What the task requires
Retype the lines of the material below, exactly and only, from the one containing "30 VOLT - 1" through the last line, with pictures left out.

Data block
=-=-=-=-=
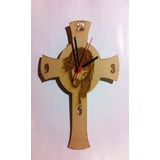 Vector Corte Láser Cruz De Jesús Con Reloj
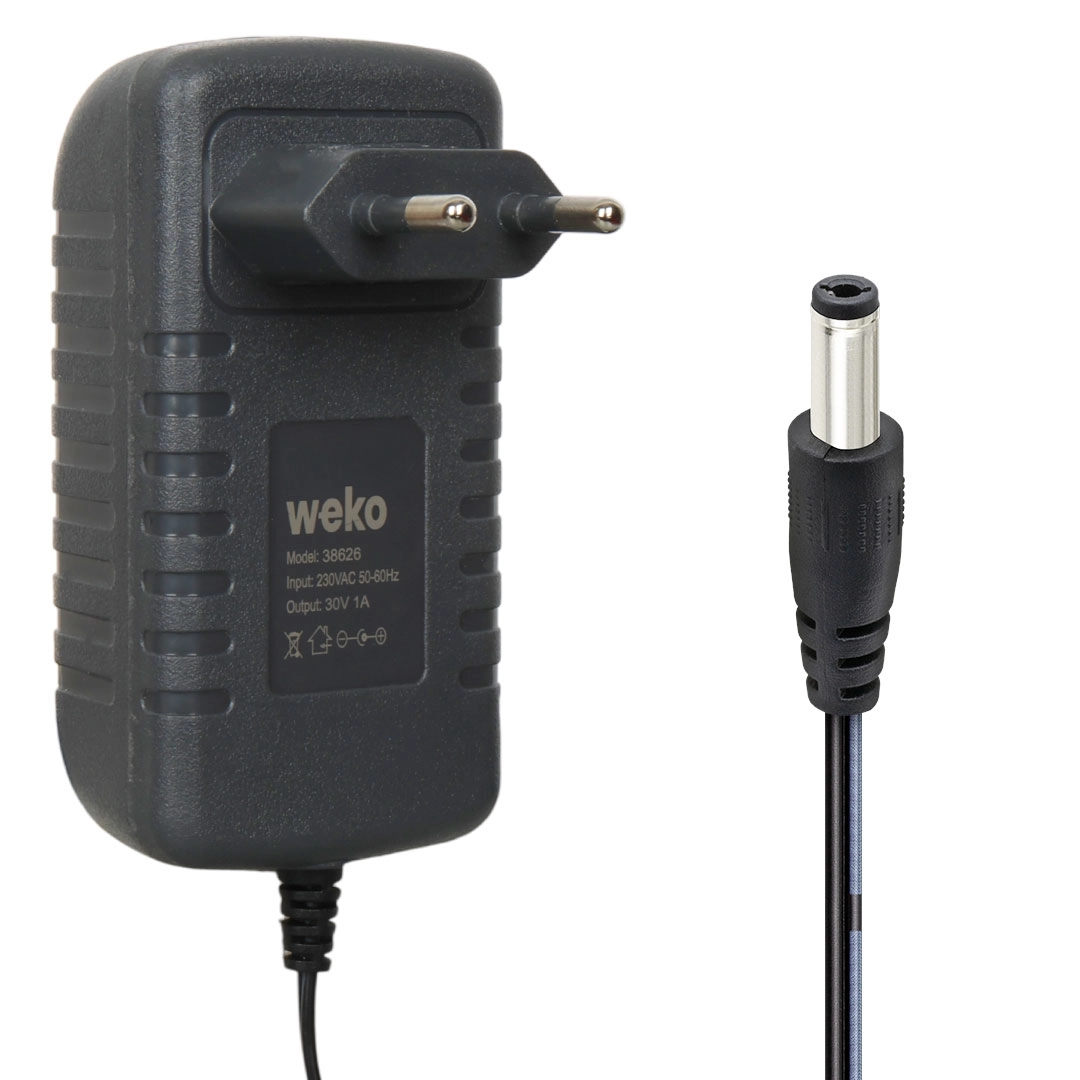 30 VOLT - 1 AMPER 5.5*2.5 UÇLU KIRMIZI YEŞİL LEDLİ YERLİ ÜRETİM PRİZ TİPİ ŞARJ ADAPTÖRÜ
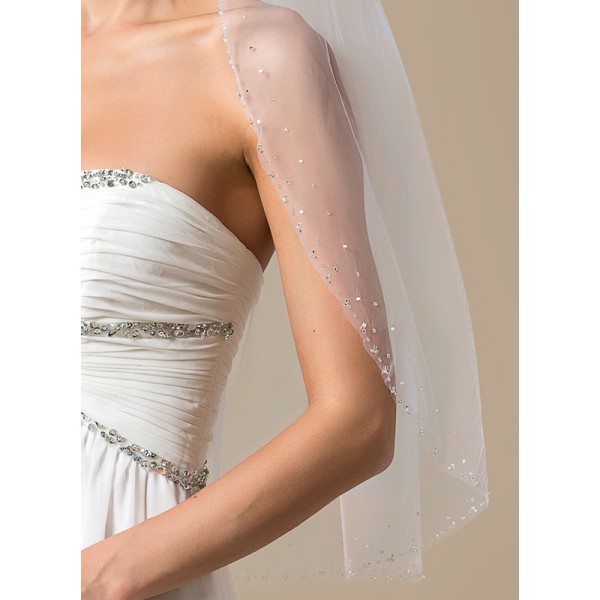 One-tier Beaded Edge Elbow Bridal Veils With Rhinestones/Faux Pearl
=-=-=-=-=
Response area
 30 VOLT - 1 AMPER 5.5*2.5 UÇLU KIRMIZI YEŞİL LEDLİ YERLİ ÜRETİM PRİZ TİPİ ŞARJ ADAPTÖRÜ
 One-tier Beaded Edge Elbow Bridal Veils With Rhinestones/Faux Pearl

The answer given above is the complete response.